Platform Engineer (Machine Learning)
About Us
Orion Labs is a small, fast-growing software development and DevOps consultancy based in Cape Town, South Africa. We build scalable software platforms, cloud infrastructure, machine learning systems, and internal developer tooling for startups and enterprise clients around the world. We’re collaborative and hands-on with dynamic technologies. You’ll join a supportive team with real ownership, lots of room to learn, and clear opportunities to grow your career while doing meaningful work for great clients.
Job Description
We are seeking a strong mid-to-senior Platform Engineer to help design and operate cloud platforms, machine learning infrastructure, evaluation systems, and developer environments. The primary focus of this role is building a machine learning competition and evaluation platform where participants submit ML projects that are executed and scored in secure, GPU-enabled runtime environments. This role sits at the intersection of cloud infrastructure, developer platforms, automation, ML/GPU compute, and distributed systems. You will work on projects such as ML competition and evaluation platforms, GPU-based compute environments, Dockerized and sandboxed runtime environments, secure multi-tenant cloud infrastructure, model evaluation and benchmarking systems, infrastructure automation and provisioning, internal developer tooling and orchestration systems, and CI/CD and deployment automation.

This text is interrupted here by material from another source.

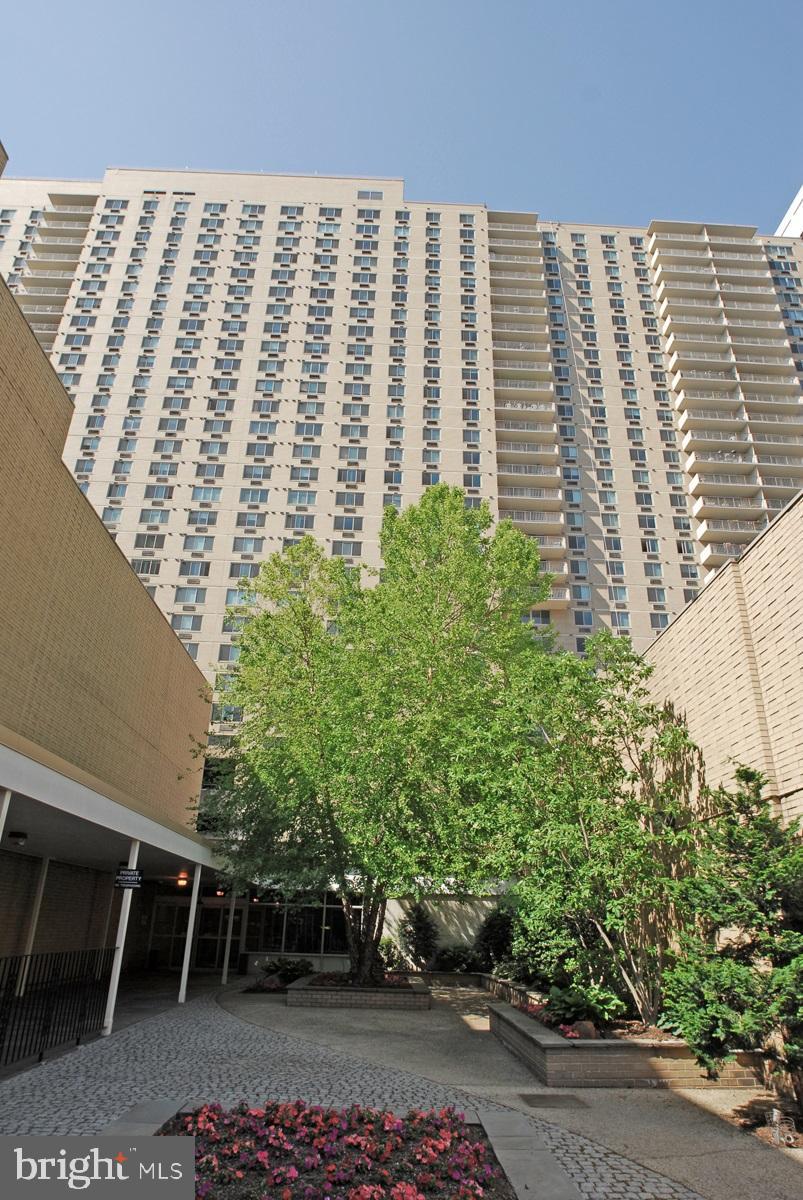 1919 Chestnut Street, Unit 1016 Philadelphia, PA 19103 - Photo 9 of 17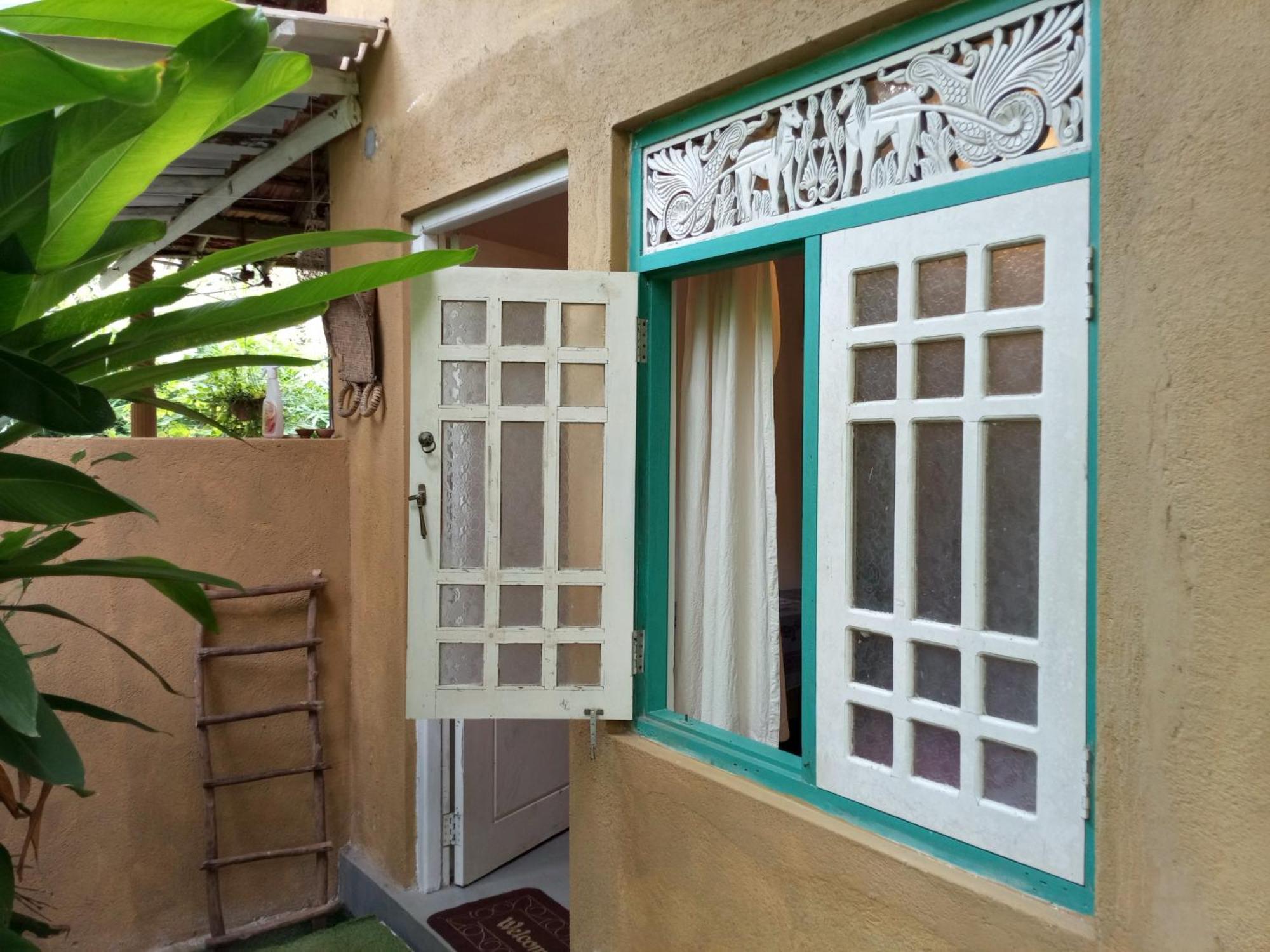 Hiriketiya Mahi Surf Apartment Dickwella Exterior photo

There may also be opportunities to contribute to internal R&D around AI inference and LLM infrastructure.
Responsibilities:
- Design and maintain cloud infrastructure primarily on AWS.
- Build reusable platform tooling and automation systems used by other engineers.
- Provision and manage infrastructure using Terraform/OpenTofu.
- Configure and maintain Docker-based environments and containerized workloads.
- Develop Python automation and orchestration scripts.
- Build and operate GPU-enabled compute environments for machine learning workloads, including sandboxed runtime environments for user-submitted code.
- Build and improve CI/CD workflows for efficient software delivery.
- Monitor, troubleshoot, and optimize infrastructure reliability and performance.
- Improve developer workflows, internal tooling, and platform usability.
- Contribute to architecture and operational decisions across projects.
- Ensure security best practices are followed throughout the platform lifecycle.
- Stay up-to-date with the latest cloud, ML infrastructure, and platform engineering trends.
Qualifications:
- Bachelor’s degree in Computer Science, Engineering, Information Systems, or a related field (or equivalent practical experience).
- 5–7 years of hands-on experience operating production cloud infrastructure (mid to senior level).
- Strong experience with Linux systems administration.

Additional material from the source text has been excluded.